Policy

Community Organizing: The Sequel

Election Day’s over, we’ve already blown past “Yes We Can!” to “Yes We Did!” Now we’re on to watching President-elect Barack Obama’s transition team and his potential appointees. But can […]

Election Day’s over, we’ve already blown past “Yes We Can!” to “Yes We Did!”

Now we’re on to watching President-elect Barack Obama’s transition team and his potential appointees.

But can we please indulge one last fond backward glance to his victorious campaign?

The McCain-Palin camp dished up plenty of trash talk, but the gibe that really came back to bite ‘em in the butt: Sarah Palin’s snotty “community organizer” remark about Obama at the GOP convention.

You remember it: “I guess a small-town mayor is sort of like a community organizer, except that you have actual responsibilities,” Palin sneered to warm applause from the virtually all-white crowd, half of whose net worth topped a half-million dollars, according to a CBS Evening News report.

It would be ignoble here to say “ha ha!” or even “ha!” — but , face it GOP-ers, community organizing put Barack Obama in the White House.

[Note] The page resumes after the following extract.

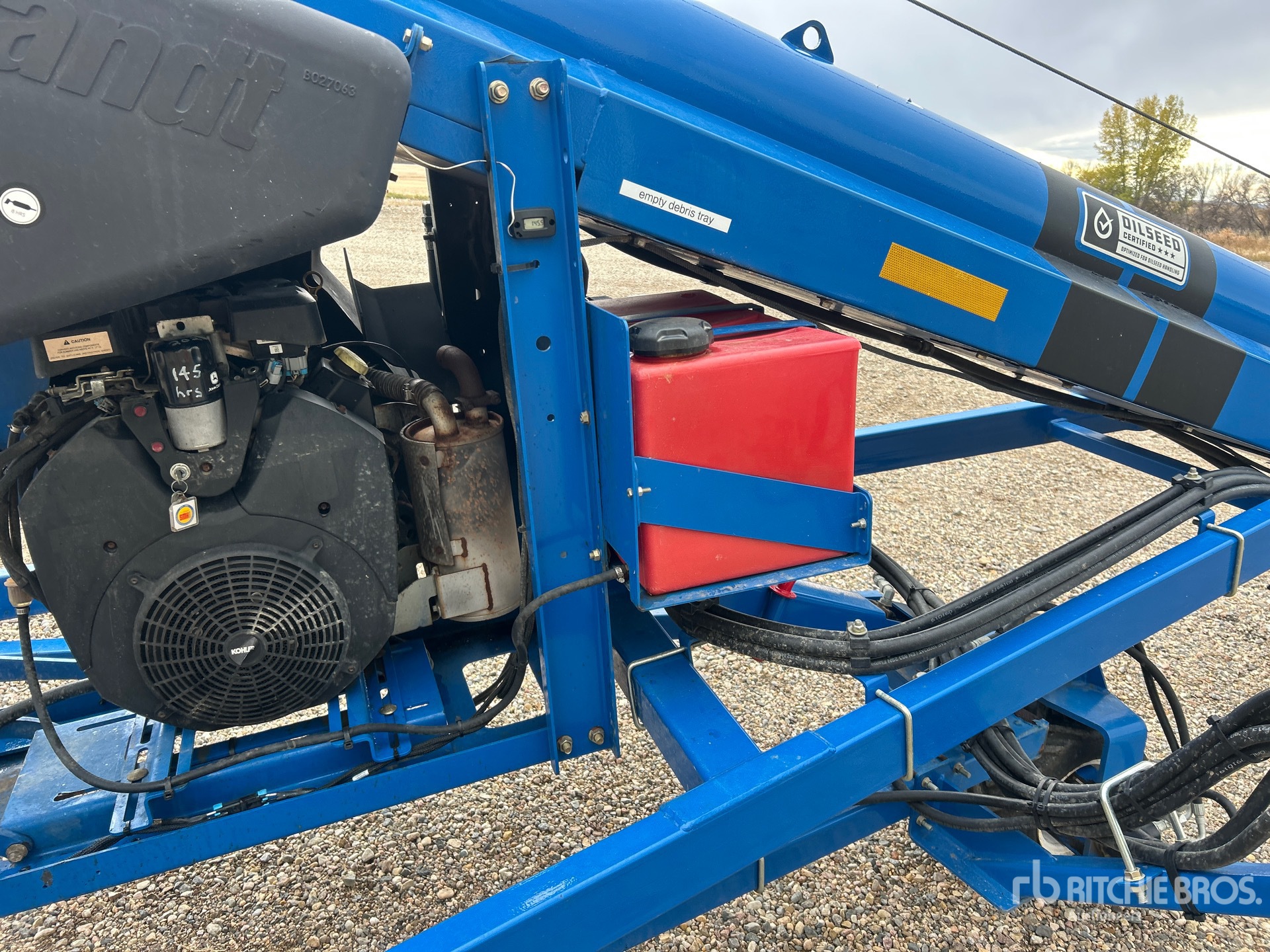2021 Brandt 1552 LP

The Obama campaign made a careful plan and carried it out, seemingly unruffled by all the “pallin’ around with terrorists” verbal grenades launched along the way.

Shout-out here to the labor movement — they mobilized people from all over the country to parachute into the swing states to canvass.

And here in Los Angeles, hundreds, if not thousands of local volunteers swarmed the offices of the LA County Federation of Labor for weeks to make out-of-state calls, to Nevada, Minnesota, Washington, Colorado.

Seems that the voters I called had already gotten so many phone calls and door-knocks that they had get-out-the-vote fatigue.

“You have to LOSE this number,” one Nevada voter said wearily.

A friend who had traveled from California to Nevada in the final days reported an initially hostile exchange with a Las Vegas woman (and Obama voter) who had gotten FIVE visits on Election Day.

When my pal, after some prompting, told the voter she was a California carpetbagger, the woman warmed up, apologized for being irritable and thanked my friend for coming from so far away.

Yeah, some of this organizing stuff was a little raggedy. What are you gonna do? It got ‘er done.

The barrage of voter contacts no doubt helped build the sense of urgency and history that led to long lines at polling places across the nation.

I got almost daily e-mails from Michelle Obama and Joe Biden and David Plouffe directing me to swing-state phoning locations in LA — bring your cell phone and some friends and we’ll hook you up.

A Kentucky-born friend told me she downloaded a list of Virginians to call from home to urge an Obama vote.

Word is that there were over 8,000 out-of-state volunteers in Nevada, in addition to the highly-mobilized Culinary Workers and other unions there. You remember John Kerry lost that state in 2004, but it went blue this time.

In Colorado — a state George Bush claimed in 2004 — out-of-staters mobilized by the national labor-community alliance, the Partnership for Working Families, joined with locals to defeat anti-labor ballot initiatives. And, oh, yeah, the anti-initiative voter-turnout efforts might have helped Obama win there, too.

These are just snap-shots, not a comprehensive survey of the grassroots work that went on. That would be pretty fascinating.

Meanwhile, John McCain, after a sudden attack of graciousness in his concession speech, has returned to his home (one of ‘em) amid the gorgeous red-rock canyons of Sedona, Ariz., there to sip his morning coffee beneath the sycamores and grill steaks at sunset.

That, my friends, is not a bad fate. As to his return to Washington —well, at least Joe Lieberman and Lindsey Graham will sit with him in the cafeteria at lunchtime, even if everybody else moves their trays to other tables when he sits down.

And Sarah Palin: Maybe she fancies herself a 2012 candidate, but it’s already been a nerve-wracking few weeks, so we’ll let that go for now. Meantime it’s back to Alaska for her and her new wardrobe.

Hope she’s tendin’ to her “actual responsibilities.”